From brian carroll <human@electronetwork.org>
Date Sun, 27 Mar 2005 22:04:46 -0600



  i am not up-to-speed on all things duchamp, though
  Steve Lauf has referenced the local collection in
  Philadelphia, and he just referred to a discovery
  of images with electrical icons, and his thoughts
  and links to the images follow below, from the
  design-l.v2 list. i should mention that there is
  a link to a work about 'duchamp and electrons' in
  the newly rehabbed electronetwork.org website,
  its education/features/urls and other sections
  are being fixed up and hopefully simplified...

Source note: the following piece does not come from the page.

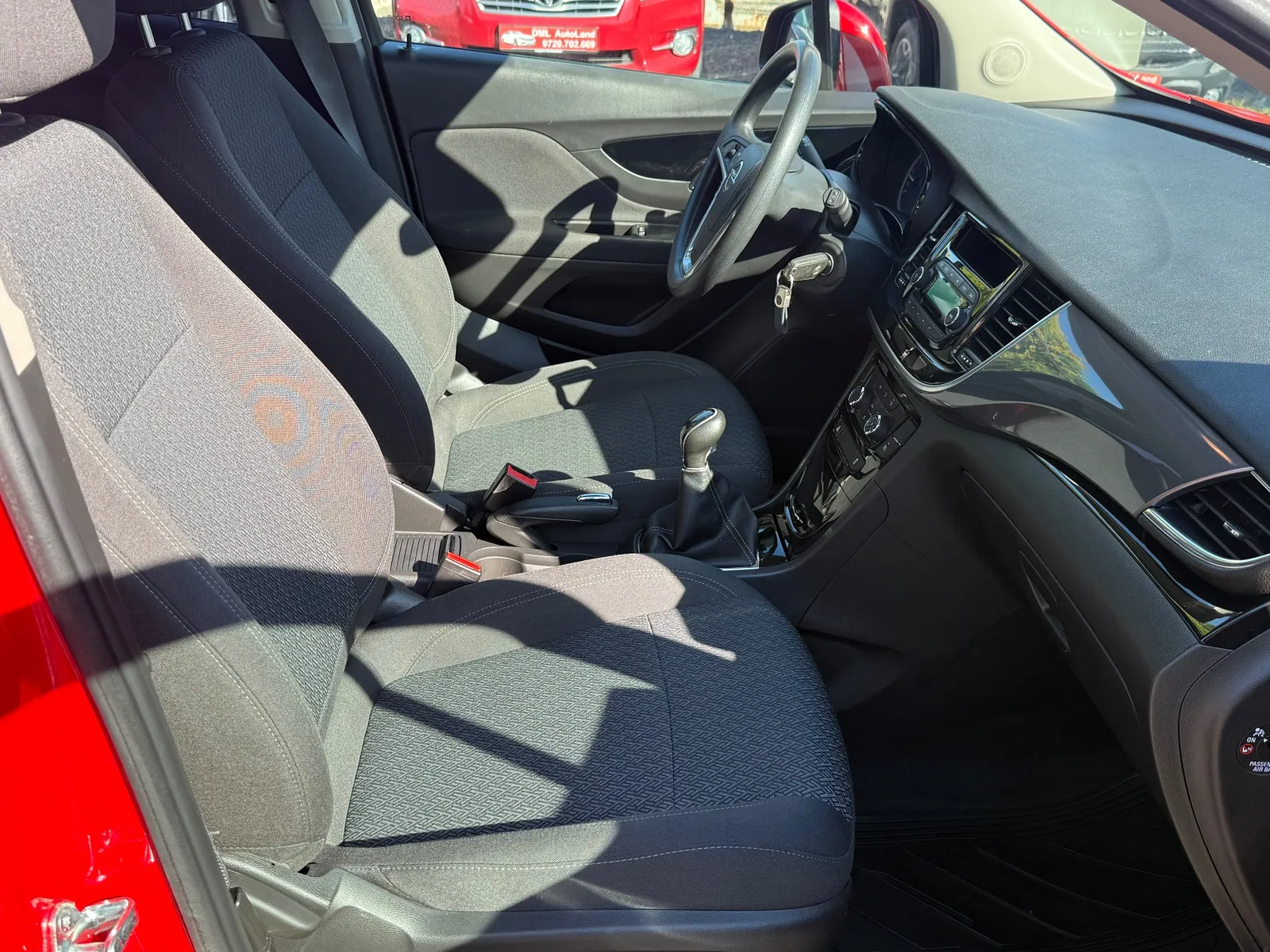 Opel Mokka X Euro 6 | 1.4 Benzina | 2019 | Garantie Inclusa – poza 20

* Marcel Duchamp and Electrons — Linda Dalryple Henderson — Marcel 
Duchamp's The King and Queen Surrounded by Swift Nudes (1912) and the 
Invisible World of Electrons.
http://www.altx.com/ebr/w(ebr)/essays/henderson.html

  (also, i find these references at first, surprising,
  to see what is otherwise seemingly missed critical
  information, in retrospect. of the 1930s, there is
  another figure, le corbusier, whose work revolved
  around 'the machine' though under deeper analysis,
  yields much about electromagnetism, including of
  drawings of power distribution poles just as in
  this duchamp imagery, on the corner edges or the
  periphery of architectural conceptual drawings.
  the problem being they've yet to be relocated...)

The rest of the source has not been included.